**LISTED ENTRIES:**
+ + + + +
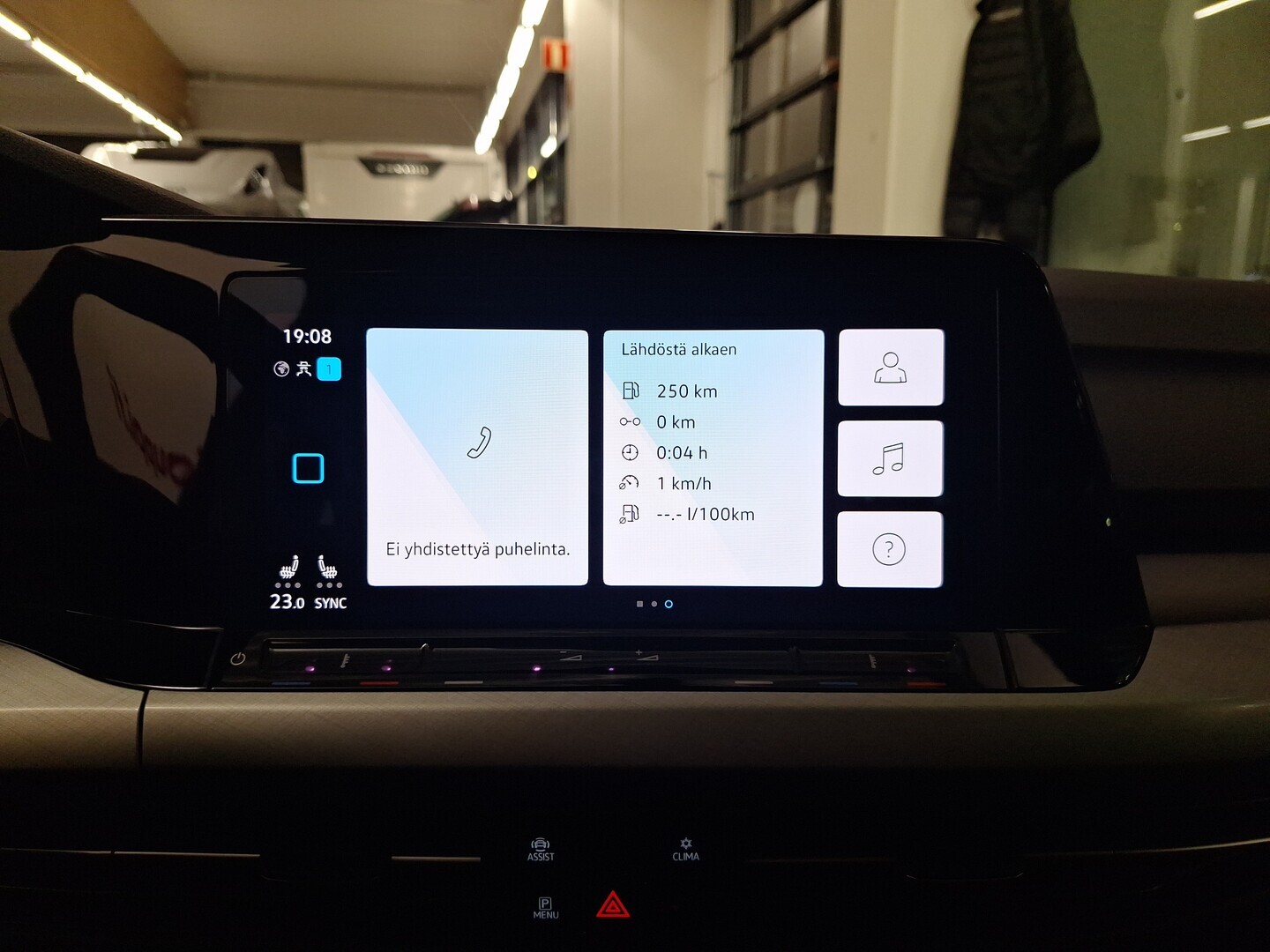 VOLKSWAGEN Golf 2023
+ + + + +
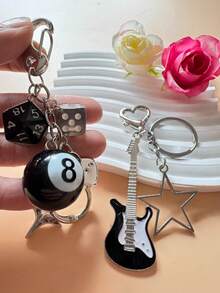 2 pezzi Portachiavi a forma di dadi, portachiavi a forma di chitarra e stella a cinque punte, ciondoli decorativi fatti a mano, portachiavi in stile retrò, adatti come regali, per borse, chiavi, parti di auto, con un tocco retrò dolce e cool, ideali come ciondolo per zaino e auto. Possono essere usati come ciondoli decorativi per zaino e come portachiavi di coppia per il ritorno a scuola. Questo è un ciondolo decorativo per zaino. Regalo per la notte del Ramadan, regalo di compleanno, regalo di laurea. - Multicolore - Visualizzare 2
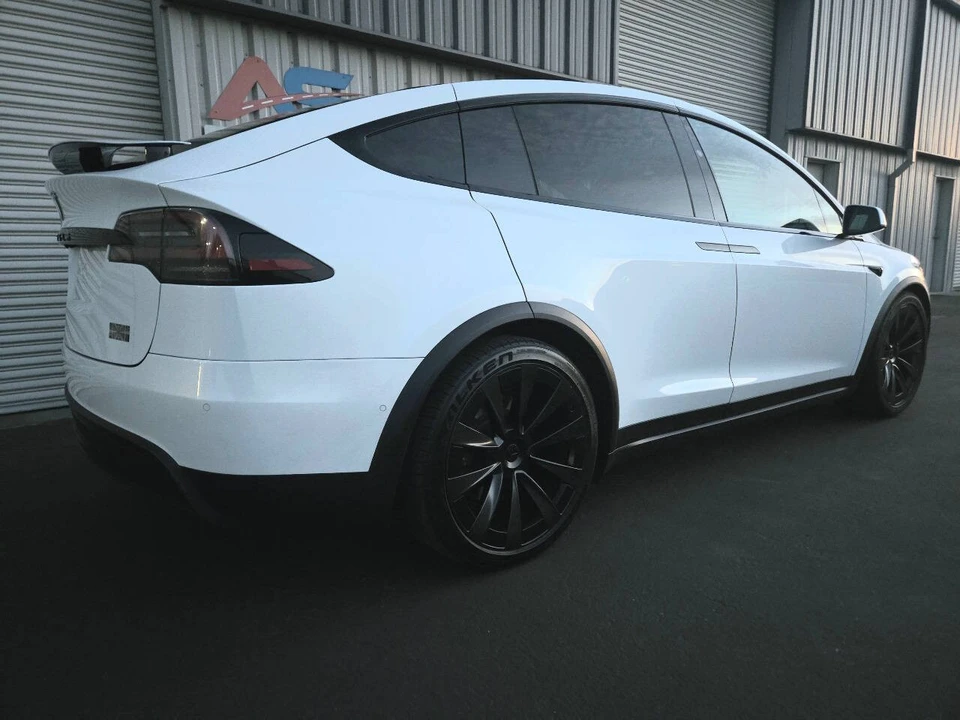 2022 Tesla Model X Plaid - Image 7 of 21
+ + + + +
Starting with the line that has "2 pezzi Portachiavi" and going on through the line that has "2022 Tesla Model X Plaid - Image 7 of 21", transcribe the records above exactly, but skip the pictures.

**ANSWER AREA:**
 2 pezzi Portachiavi a forma di dadi, portachiavi a forma di chitarra e stella a cinque punte, ciondoli decorativi fatti a mano, portachiavi in stile retrò, adatti come regali, per borse, chiavi, parti di auto, con un tocco retrò dolce e cool, ideali come ciondolo per zaino e auto. Possono essere usati come ciondoli decorativi per zaino e come portachiavi di coppia per il ritorno a scuola. Questo è un ciondolo decorativo per zaino. Regalo per la notte del Ramadan, regalo di compleanno, regalo di laurea. - Multicolore - Visualizzare 2
 2022 Tesla Model X Plaid - Image 7 of 21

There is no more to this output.